Väterlicherseits habe ich Jahre später auch keine Seeleute in den Ahnentafeln aufspüren können. Aus den Erzählungen meines Vaters ging hervor, dass seine Jugend durch ständige Umzüge geprägt war. Großvater Pahl versah seinen Dienst als Zollamtmann in verschiedenen Küstenorten Schleswig Holsteins. Einer der Ur – oder Ururgroßväter soll Amtmann im heute dänischen Tondern gewesen sein. Auf keinen Fall ist es aber der von Detlef Freiherr von Liliencron in dem Gedicht „Pidder Lüng“ in Reimen besungene „Henning Pogwisch.“ Seltsamerweise habe ich als Schüler gerade aber diese Ballade, ohne eine Ahnung der familiären Wurzeln, mit Inbrunst auswendig gelernt. Neben dem gewaltsamen Ende des Amtmannes, haben mir damals wie heute die Friesenworte „Lever dood as slav“ imponiert. Die jugendlichen Kapitänsspiele waren harmloser Natur, solange sich das Spielgerät auf dem Trockenen befand. Beliebt und begehrt war ein Platz auf dem ausgemusterten Segelboot von Poppe Folkerts, das uns Kinder, aufgebockt im Garten des Malers, zu fantasievollen Reisen einlud. Gefährlich wurden die Spielereien in kalten Wintermonaten, wenn die dicken Eisschollen zu waghalsigen Fahrten einluden. Lange Bohnenstangen aus dem Garten von Schulrat Thiemens dienten uns als Staken.

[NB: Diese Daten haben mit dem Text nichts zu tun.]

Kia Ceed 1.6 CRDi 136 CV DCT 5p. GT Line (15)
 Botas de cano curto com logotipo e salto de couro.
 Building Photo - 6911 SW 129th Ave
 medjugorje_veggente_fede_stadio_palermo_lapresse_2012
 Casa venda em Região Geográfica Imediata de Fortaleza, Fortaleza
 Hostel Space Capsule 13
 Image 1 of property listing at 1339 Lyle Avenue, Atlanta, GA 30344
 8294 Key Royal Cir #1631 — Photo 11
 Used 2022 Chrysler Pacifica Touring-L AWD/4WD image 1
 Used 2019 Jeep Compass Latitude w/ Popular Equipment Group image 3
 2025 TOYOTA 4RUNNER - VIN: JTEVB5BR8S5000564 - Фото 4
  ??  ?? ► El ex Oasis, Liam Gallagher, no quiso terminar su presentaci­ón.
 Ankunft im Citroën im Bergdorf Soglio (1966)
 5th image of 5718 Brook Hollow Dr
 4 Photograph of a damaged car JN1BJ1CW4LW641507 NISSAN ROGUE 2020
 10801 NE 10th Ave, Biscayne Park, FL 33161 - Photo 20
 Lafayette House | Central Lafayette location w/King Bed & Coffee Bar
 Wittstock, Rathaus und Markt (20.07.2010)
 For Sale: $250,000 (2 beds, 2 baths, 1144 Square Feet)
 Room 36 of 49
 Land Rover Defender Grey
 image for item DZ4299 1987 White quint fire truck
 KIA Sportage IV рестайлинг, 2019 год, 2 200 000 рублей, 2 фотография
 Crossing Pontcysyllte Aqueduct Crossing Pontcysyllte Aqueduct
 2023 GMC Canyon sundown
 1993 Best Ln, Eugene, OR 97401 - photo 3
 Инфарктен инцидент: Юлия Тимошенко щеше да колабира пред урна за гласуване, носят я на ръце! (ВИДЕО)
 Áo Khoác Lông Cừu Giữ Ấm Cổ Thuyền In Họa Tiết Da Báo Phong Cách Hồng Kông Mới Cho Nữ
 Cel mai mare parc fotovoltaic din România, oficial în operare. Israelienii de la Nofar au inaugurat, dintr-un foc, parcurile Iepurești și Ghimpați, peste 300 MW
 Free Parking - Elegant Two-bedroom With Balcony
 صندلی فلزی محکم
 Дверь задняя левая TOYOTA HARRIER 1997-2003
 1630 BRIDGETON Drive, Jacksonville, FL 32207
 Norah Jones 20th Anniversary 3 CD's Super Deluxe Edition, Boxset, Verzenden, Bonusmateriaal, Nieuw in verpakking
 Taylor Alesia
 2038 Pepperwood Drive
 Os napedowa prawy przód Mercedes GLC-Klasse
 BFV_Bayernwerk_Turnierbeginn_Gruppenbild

Abgesehen von ein paar Klumpen, das sind holländische Holzschuhe, die mein Freund Volker in einer Panikattacke auf seinem „Schiff“ zurückließ, gab es keine Verluste zu beklagen. In den damals wirtschaftlich schlechten Zeiten war es für seine Eltern sicher ein herber Verlust.

Direkte Kontakte mit dem Norderneyer Hafen und Schiffen haben meines Wissens keinen Einfluss auf meine Berufswahl gehabt. Natürlich übte der kleine Hafen unserer Inselgemeinde eine magische Anziehungskraft auf meine Freunde und mich aus. In unserer Fantasie war es ohnehin der Hafen aller Häfen. So habe ich als kleiner Junge bei einem Besuch in Bremen allen Ernstes behauptet, dass unser Inselhafen viel schöner und größer wäre als Europa – und Überseehafen zusammen. Geradezu abenteuerlich erschien uns eine Reise mit einer der Frisia – Fähren zum Festland. Unvergessen ist für mich der Blick durch die Skylights (Oberlichter) der Frisia I auf die unter Dampfschwaden arbeitenden Kolben, der blinkenden und blitzenden Maschine. Augenzeuge waren wir auch oft bei der Entladung der Kühe und Schweine für den örtlichen Schlachthof, der unterhalb des Wasserturms lag. Wobei zur Freude der jugendlichen Zuschauer das völlig verängstigte Viehzeug auf dem Weg zur Schlachtbank den Treibern ausbüxte oder auch im Hafenbecken landete. Nicht minder anziehend waren die letzten in Norderney beheimateten Fischkutter. Den Besatzungen begegneten wir mit Hochachtung. Wobei die Claussen-Brüder zu den letzten Originalen unserer Inselgemeinde zählten. Letzteres hielt uns nicht davon ab unbeaufsichtigt die Kutter zu entern und einige der im Winde schaukelnden und getrockneten Schollen zu stehlen und sie anschließend genüsslich zu verspeisen.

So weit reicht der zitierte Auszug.